What changed, as it turned out, was how pro scouts viewed him. Because Stevens Point, Wis., isn't on the nonstop flights that teams prefer, many scouts based their assessments of Zimmermann on his performances during the Pointers' swing through Florida, when he was still regaining weight and velocity. Nationals scout Jeff Zona, though, stayed on Zimmermann, and grew to like him more and more. Any chance he got, he reminded Mike Rizzo, the Nationals' assistant general manager, that he had to see him.
"He kept him on my radar," Rizzo said, "and was really a pest about it."
So late in the Zimmermann's junior season came the kind of story scouts love to tell and retell, the kind when the snow gets deeper and the flights get longer. On Tuesday, Rizzo said he took two connections and a three-hour drive to get to Green Bay, Wis., to see Zimmermann pitch in the Division III College World Series. Turns out, it was in Appleton. No matter.

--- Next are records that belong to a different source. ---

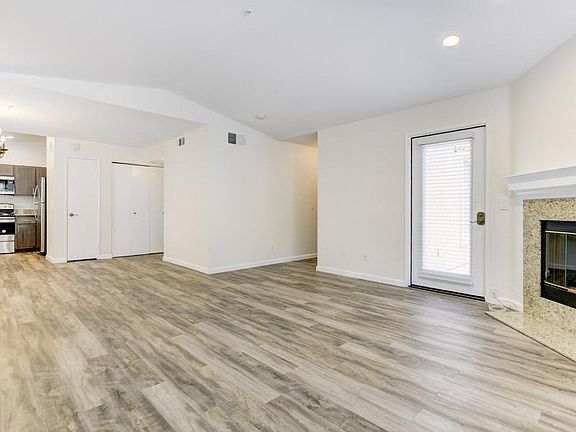 4th image of 18557 Caminito Pasadero Unit 395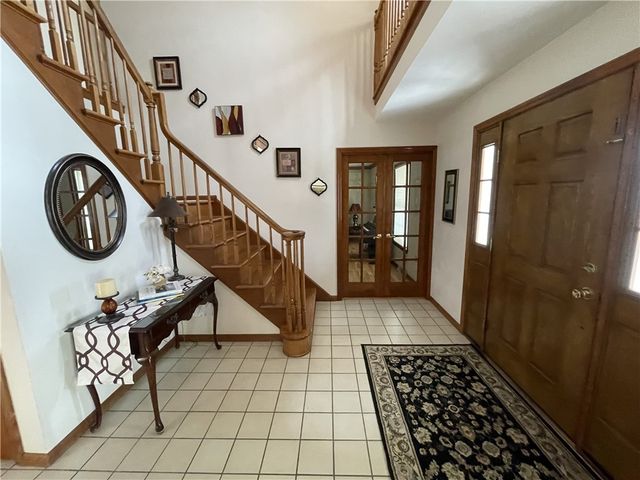 533 Austin St, Hempfield Twp, PA 15601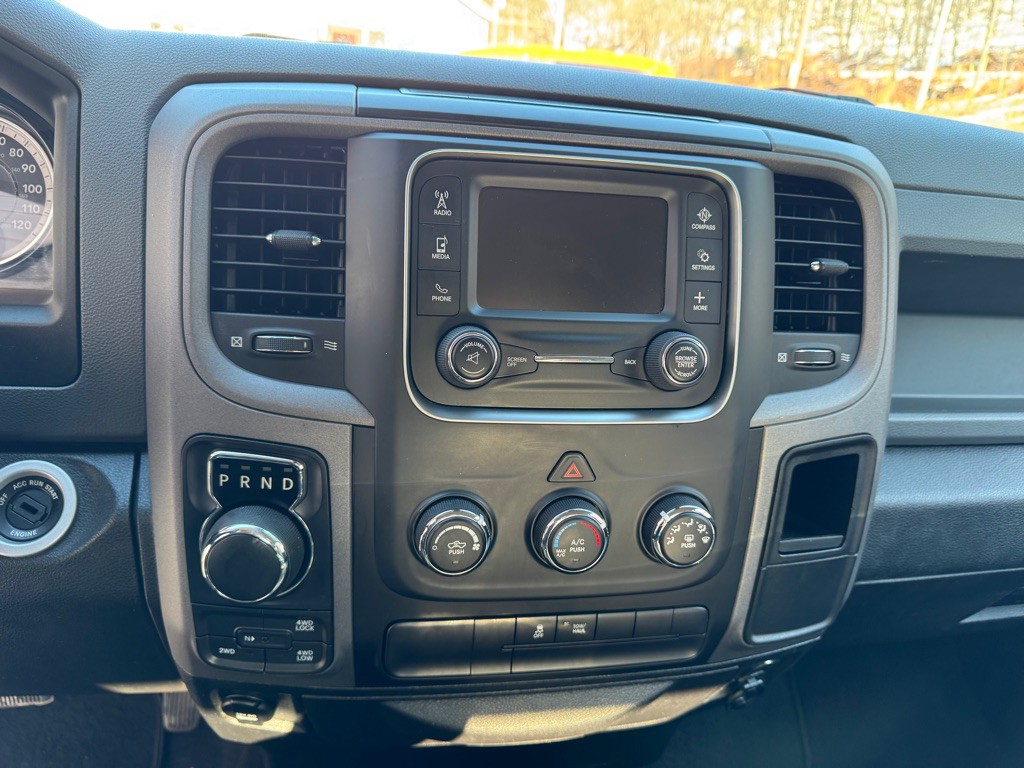 2018 RAM 1500 Image 15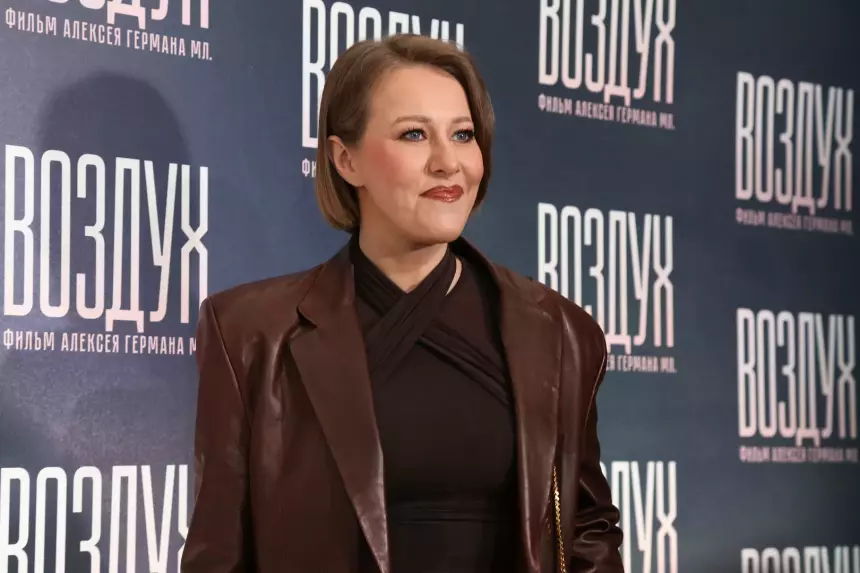 Журналистка Собчак объяснила слова о том, что «народ не имеет отношения к моде»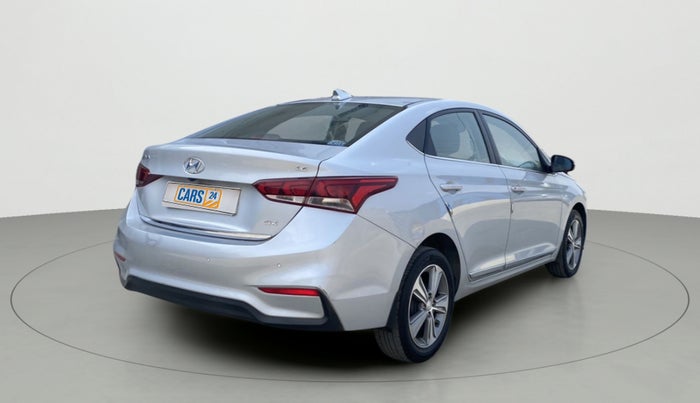 2018 Hyundai Verna 1.6 VTVT SX, Petrol, Manual, 1 km, Right Back Diagonal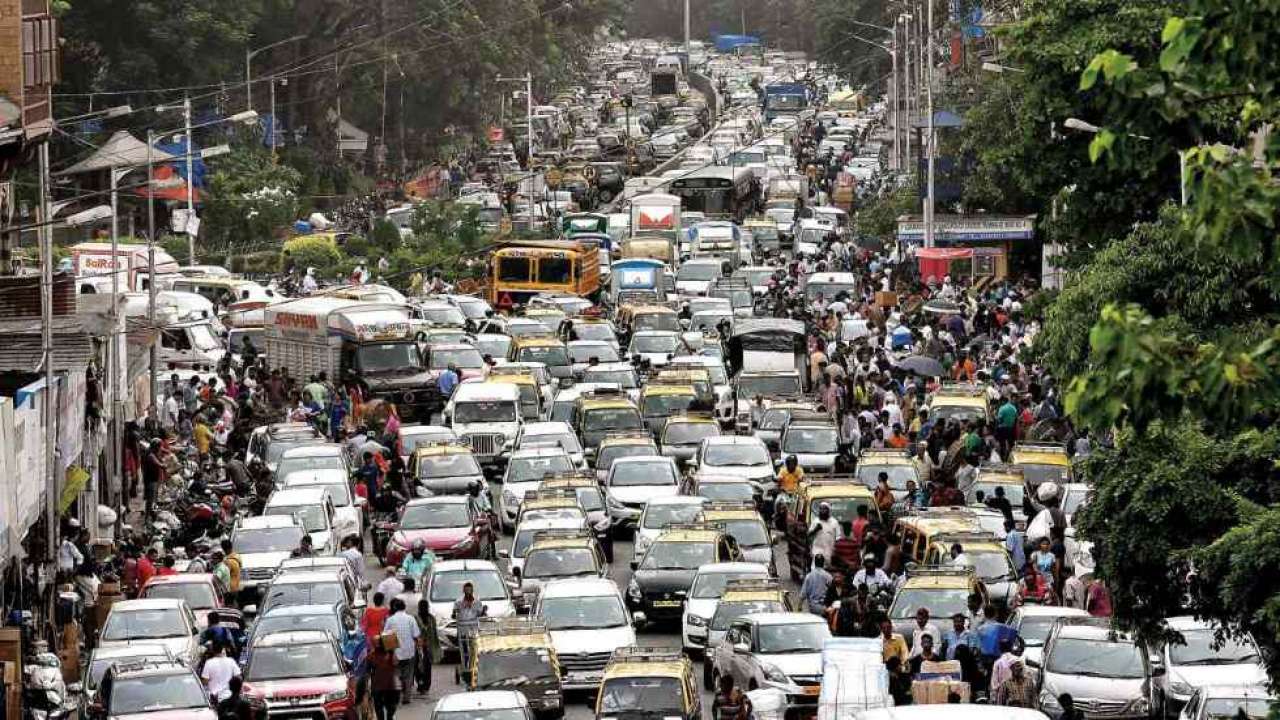 Мумбаи сити индия он трек. Мумбаи трафик. Автотрасс Дели — Мумбай. Мумбай Индия пробки. Мумбаи население 2023.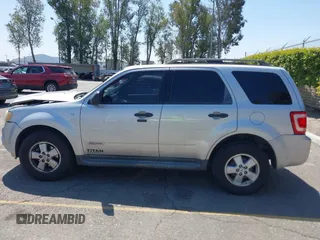2008 Ford Escape XLT with VIN 1FMCU03168KA77375, listed as a IAAI auction lot 41990755 with 173,455 mi miles and . Bid and sale history available at DreamBid. Image 14.
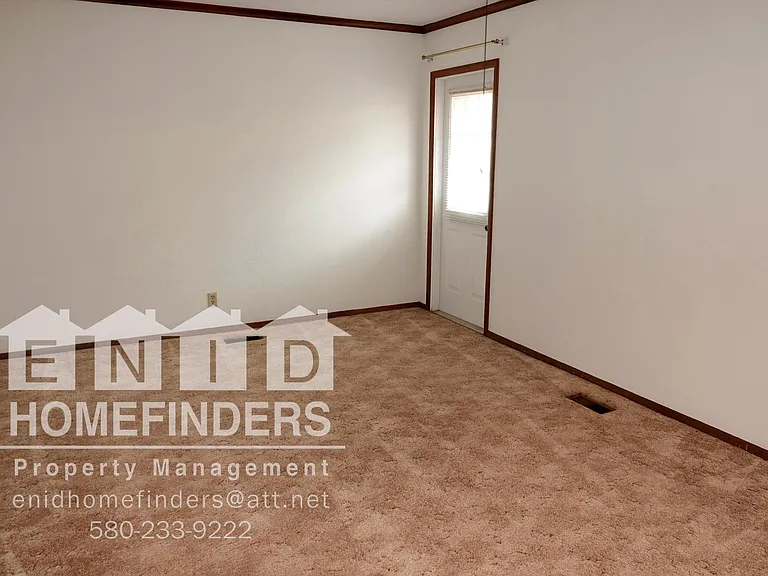 2117 Camelot Dr — Photo 21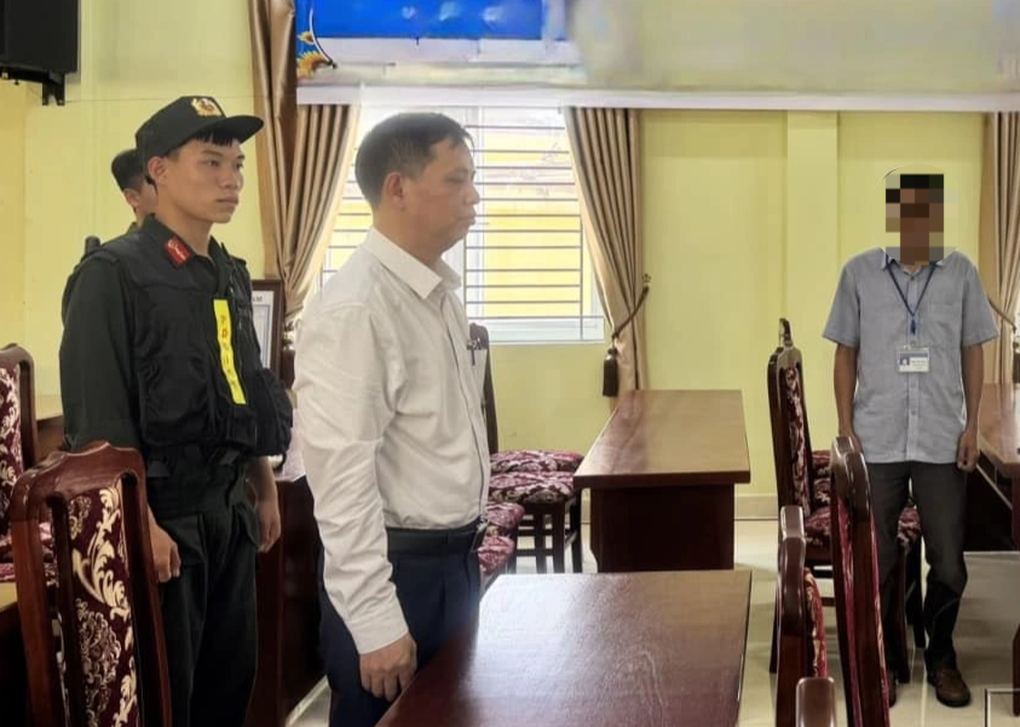 Khởi tố cán bộ nhận tiền hối lộ của học viên thi bằng lái xe - 1 Khởi tố cán bộ nhận tiền hối lộ của học viên thi bằng lái xe - 1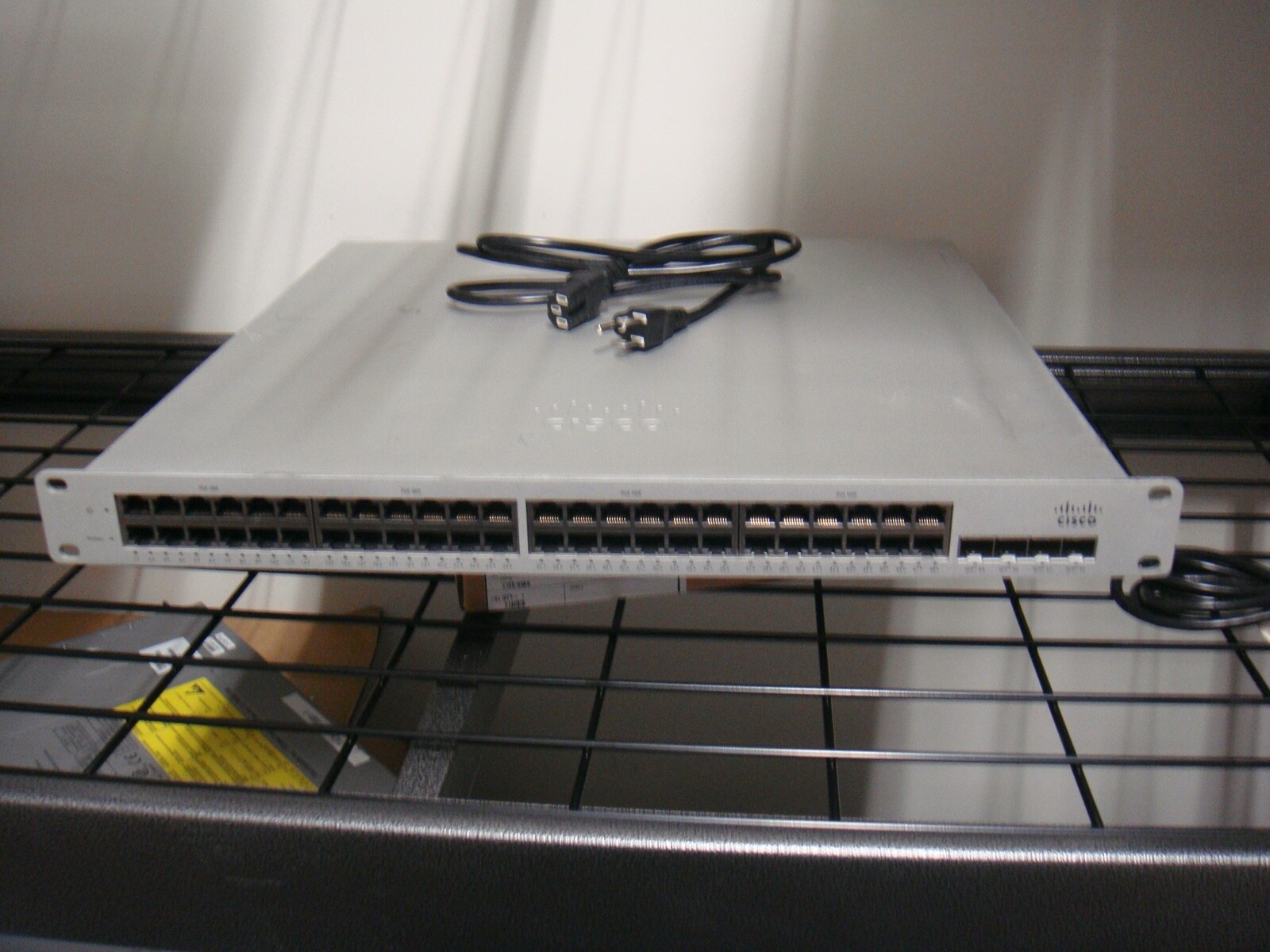 Cisco Meraki MS320-48-HW Cloud-Managed L3 48P Gigabit Switch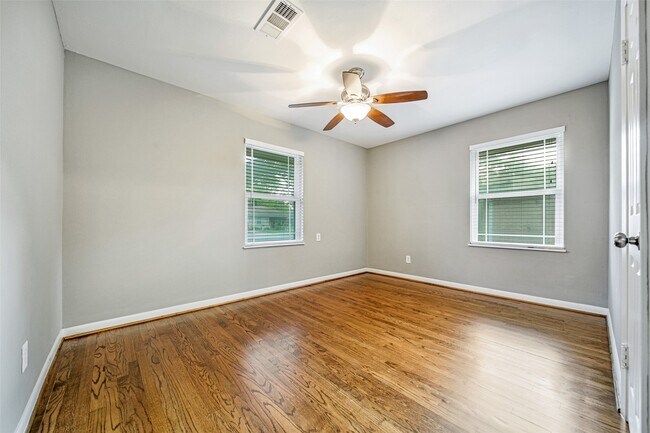 Building Photo - 4421 Lido Ln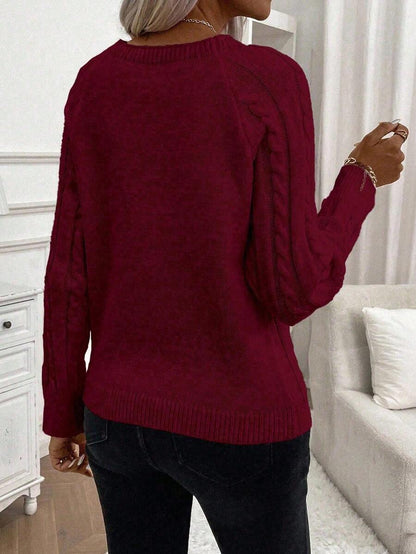 Clara – Kabelgebreide trui met knoopdetails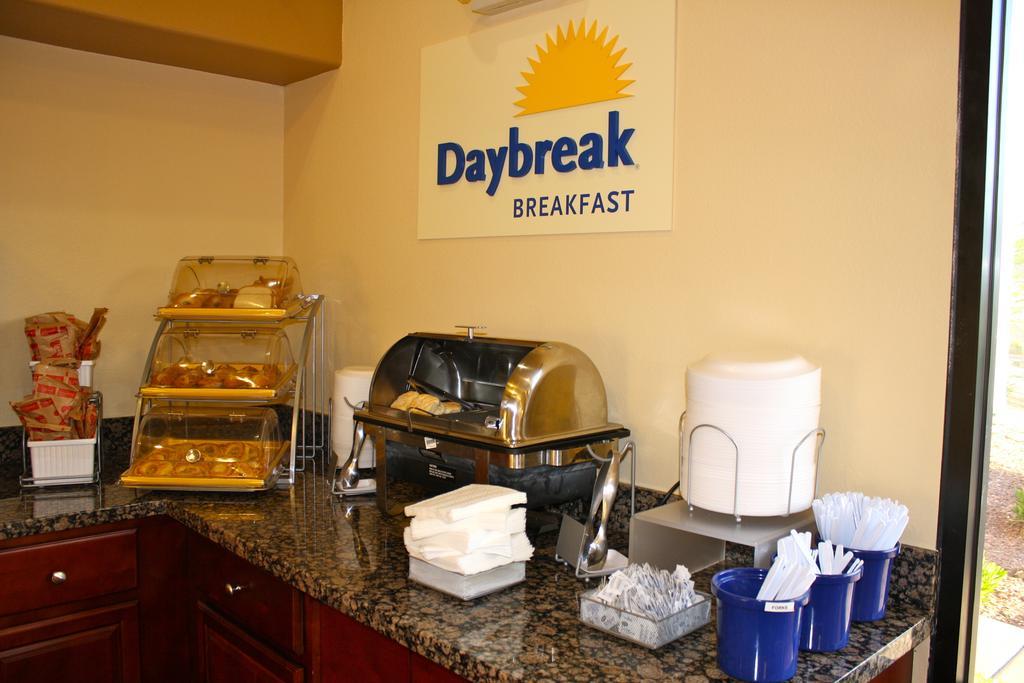 Days By Wyndham 3* Globe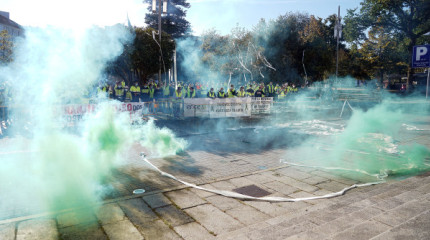 Terceira mesa de diálogo sobre Ence con protestas de traballadores na Subdelegación do Goberno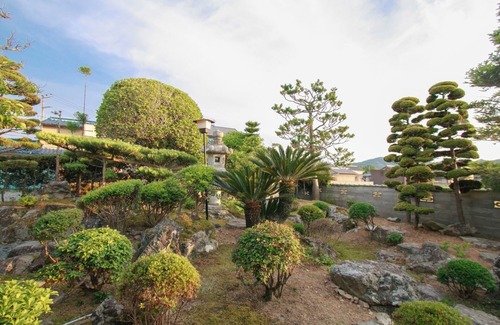 Kameoka Haus | Idyllic views and multiple spacious rooms The entire building can be rented for 1 to 8 people / Kameoka Kyōto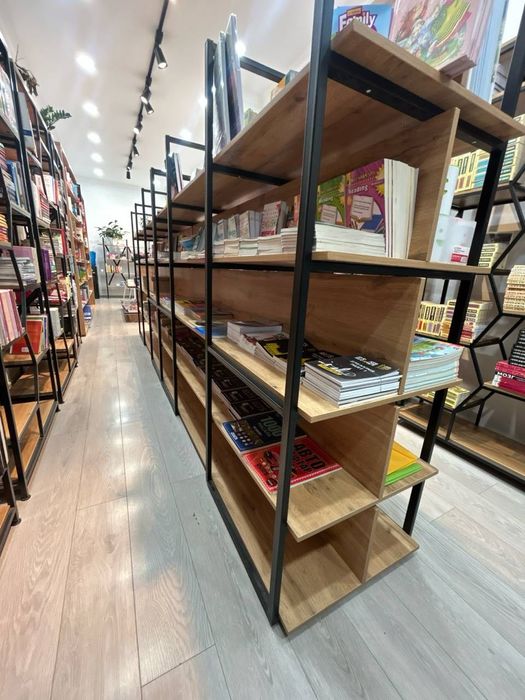 Мебель для магазина и книг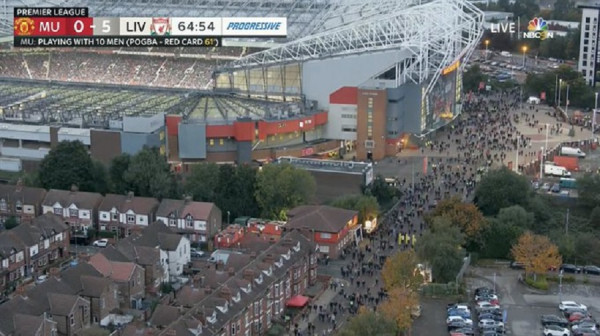 Μαζική αποχώρηση οπαδών της Γιουνάιτεντ στο 60′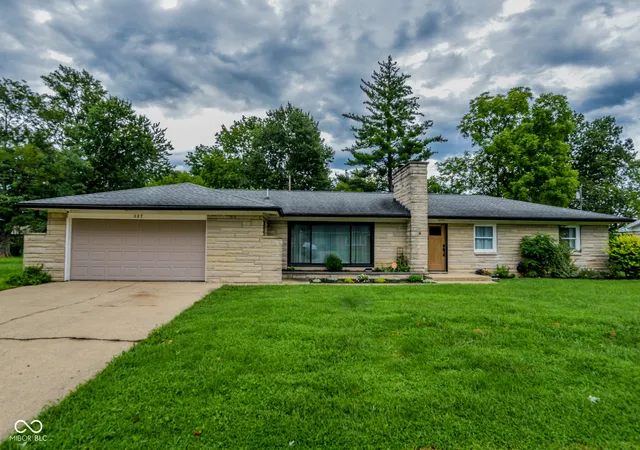 1st image of 327 Brookside Ln, Plainfield, IN 46168 | MLS# 22120501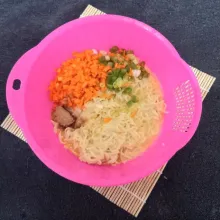 Siapkan wadah. Masukkan mie yang telah dipotong kecil-kecil, wortel, daun bawang, kaldu rasa sapi instan dan telur yang dikocok lepas, kemudian aduk hingga tercampur rata.
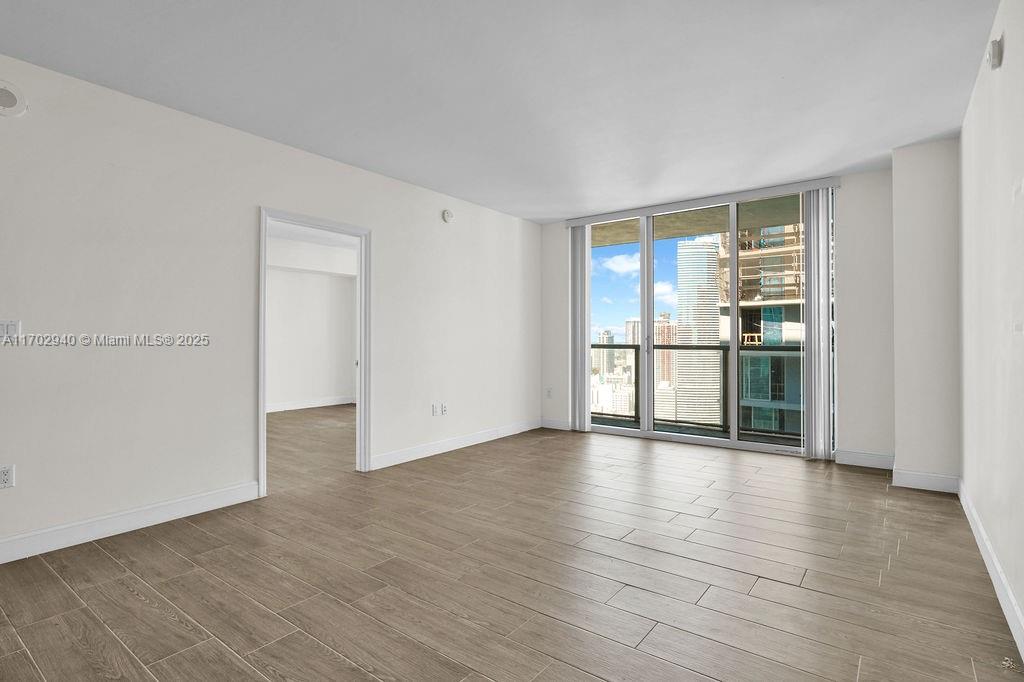 55 SE 6th St # 3703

Rizzo saw him.
"When I'm running a draft, I have a list, and the 'must-gets' go on that list," Rizzo said. "He was the first guy of the 'must-gets.' "
Thus, the Nationals took him in the second round, with the 67th pick. Last year, at Class A Potomac and Class AA Harrisburg, he combined to go 10-3 with a 2.89 ERA, striking out 134 in 134 innings. Now, halfway through his first big league camp and entering just his third full pro season, he is carrying himself just as he did then. It just might result in providing the kind of promise his organization truly needs.